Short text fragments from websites
####################
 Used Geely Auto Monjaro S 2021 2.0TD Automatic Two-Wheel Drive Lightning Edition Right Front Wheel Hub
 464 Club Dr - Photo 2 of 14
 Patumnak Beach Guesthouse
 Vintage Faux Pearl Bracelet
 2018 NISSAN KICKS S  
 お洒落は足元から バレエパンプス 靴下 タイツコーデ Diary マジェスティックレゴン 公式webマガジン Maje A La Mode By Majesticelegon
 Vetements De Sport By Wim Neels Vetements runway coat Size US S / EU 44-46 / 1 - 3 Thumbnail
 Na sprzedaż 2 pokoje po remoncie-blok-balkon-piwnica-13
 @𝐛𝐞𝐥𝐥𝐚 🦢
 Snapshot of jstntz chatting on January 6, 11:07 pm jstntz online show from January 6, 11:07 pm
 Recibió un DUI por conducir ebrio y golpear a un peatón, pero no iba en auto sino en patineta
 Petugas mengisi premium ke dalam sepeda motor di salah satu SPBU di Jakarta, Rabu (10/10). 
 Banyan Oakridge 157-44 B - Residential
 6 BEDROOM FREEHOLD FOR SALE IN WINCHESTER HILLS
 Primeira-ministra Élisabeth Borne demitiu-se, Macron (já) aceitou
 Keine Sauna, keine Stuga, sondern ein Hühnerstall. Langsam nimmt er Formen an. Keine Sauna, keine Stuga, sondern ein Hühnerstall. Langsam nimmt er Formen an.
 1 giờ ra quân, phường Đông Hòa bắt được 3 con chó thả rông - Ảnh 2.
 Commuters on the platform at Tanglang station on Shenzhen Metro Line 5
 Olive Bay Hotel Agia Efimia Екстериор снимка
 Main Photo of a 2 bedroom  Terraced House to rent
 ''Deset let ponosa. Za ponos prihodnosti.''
####################
* Task statement *
Write out every line in the data that holds the string "Photo".

* Response below *
 464 Club Dr - Photo 2 of 14
 Main Photo of a 2 bedroom  Terraced House to rent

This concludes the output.